Data for the task –
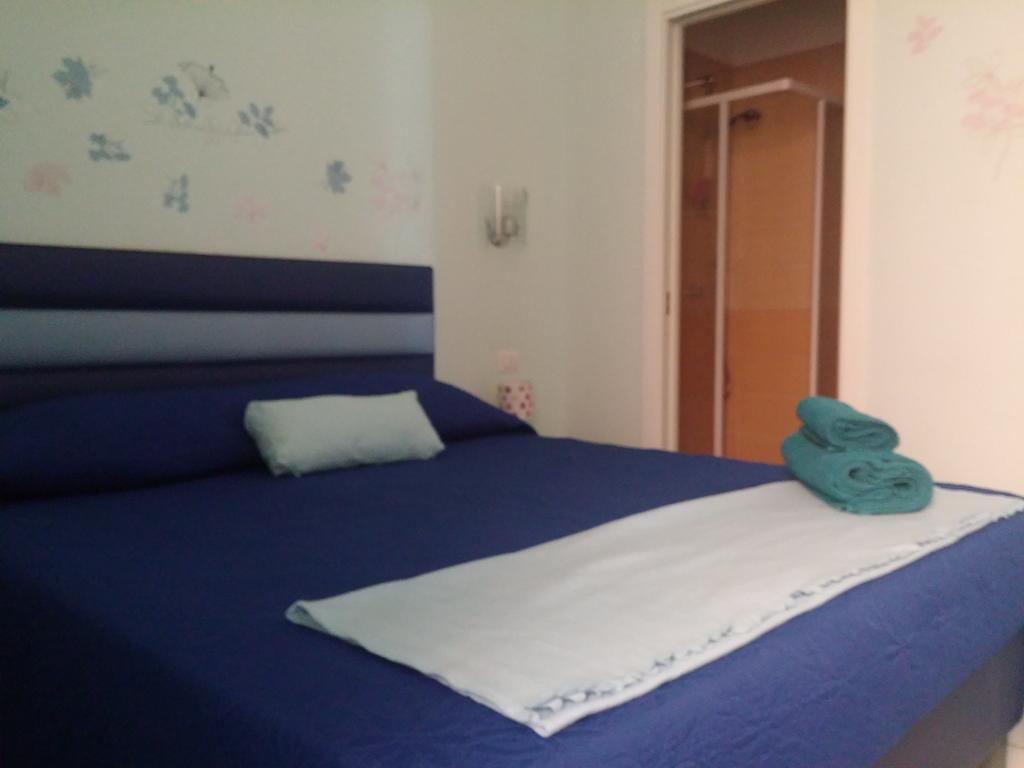 Viaggio A Napoli B&B Exterior photo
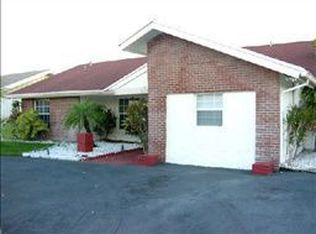 8208 SW 14th Ct, North Lauderdale, FL 33068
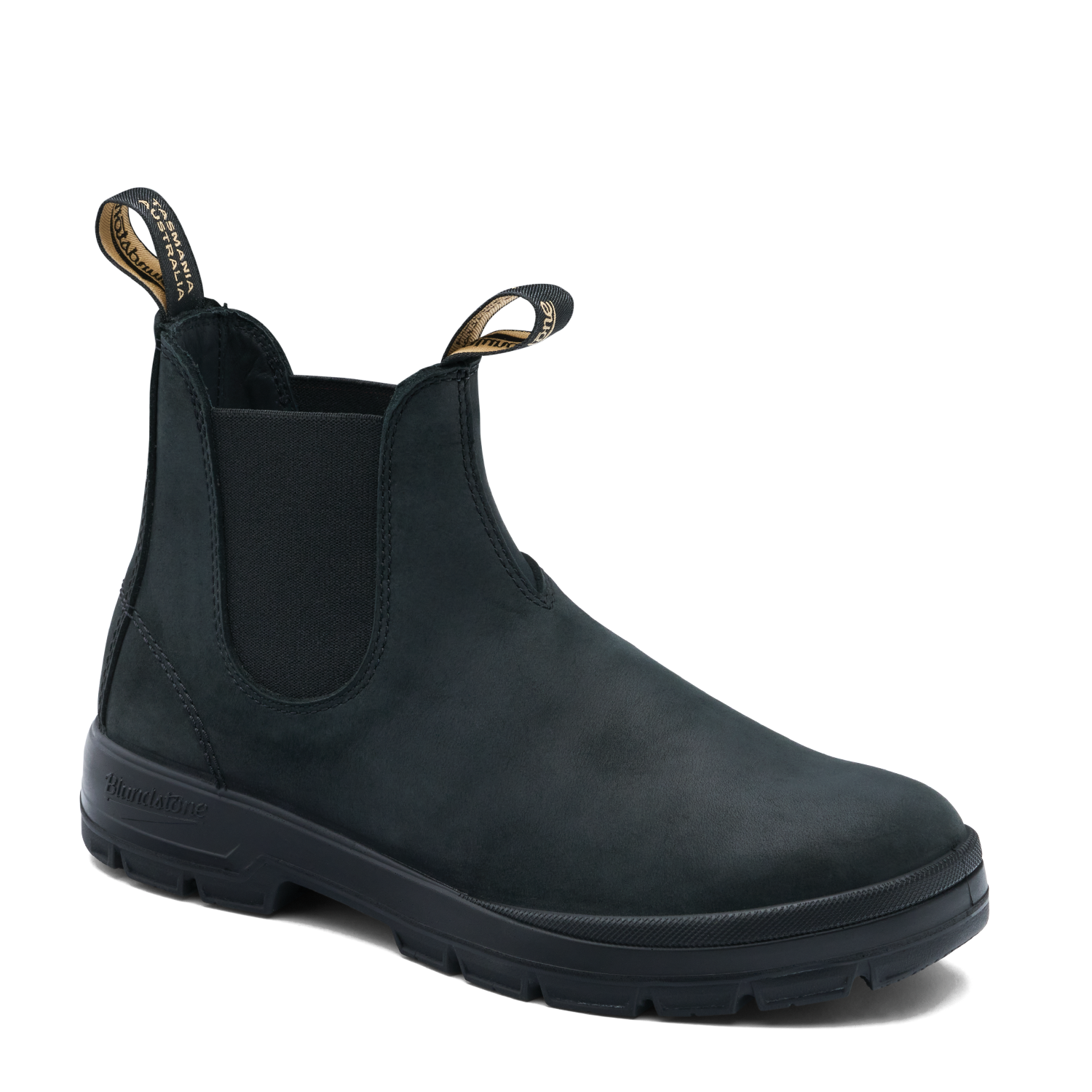 Blundstone Terrain 2633 - Nubuck Noir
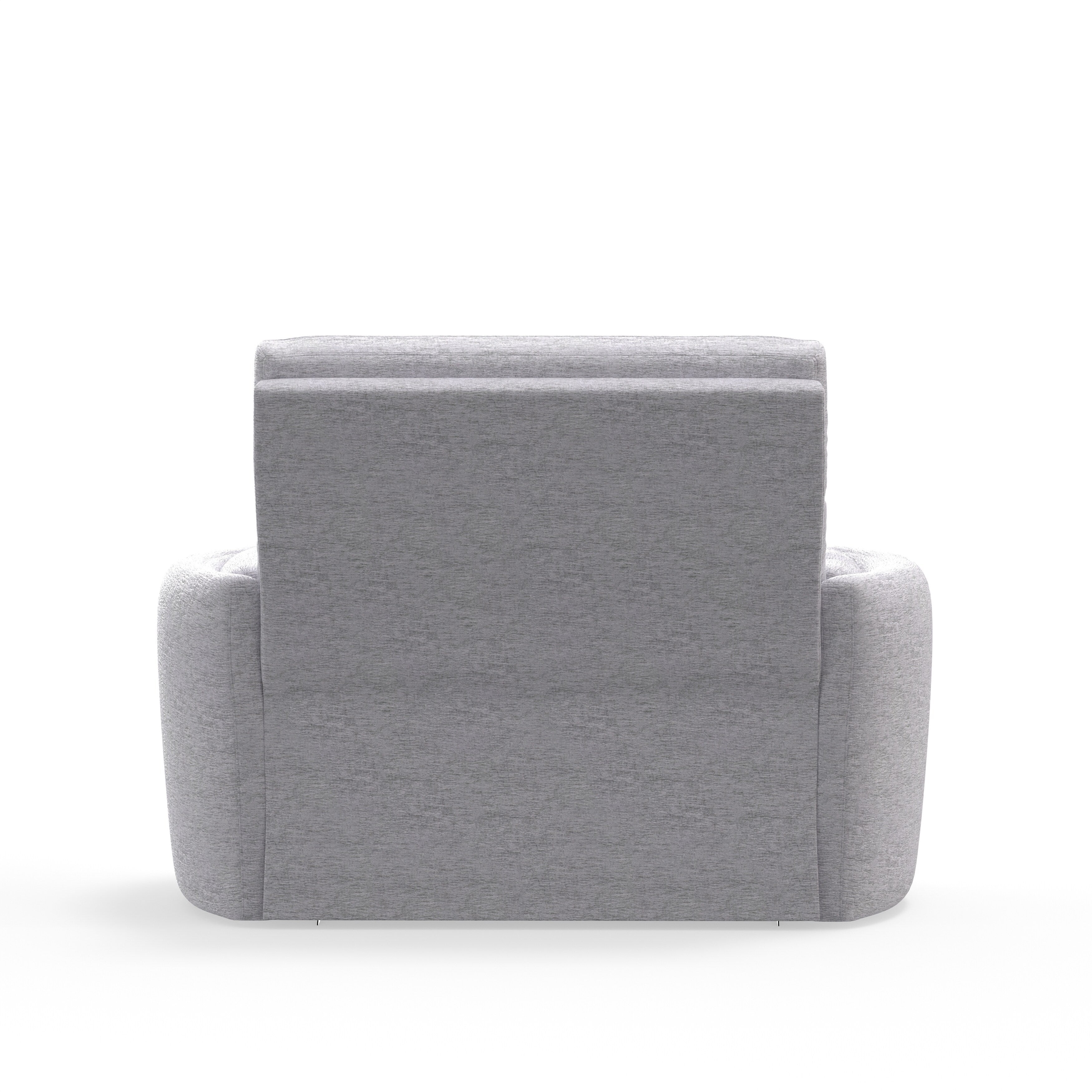 Fauteuil inclinable électrique extra large Fairview Home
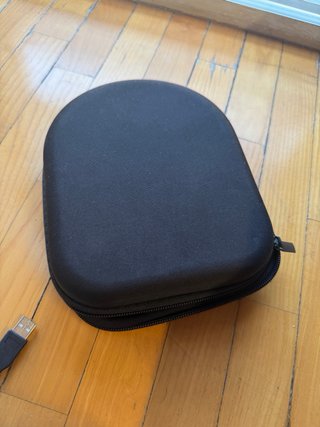 Estuche Jabra Evolve 75 Negro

The task – What you write must match, line for line, the records from the line containing "Fauteuil inclinable électrique" through the last line, with every picture left out.

Exercise output –
 Fauteuil inclinable électrique extra large Fairview Home
 Estuche Jabra Evolve 75 Negro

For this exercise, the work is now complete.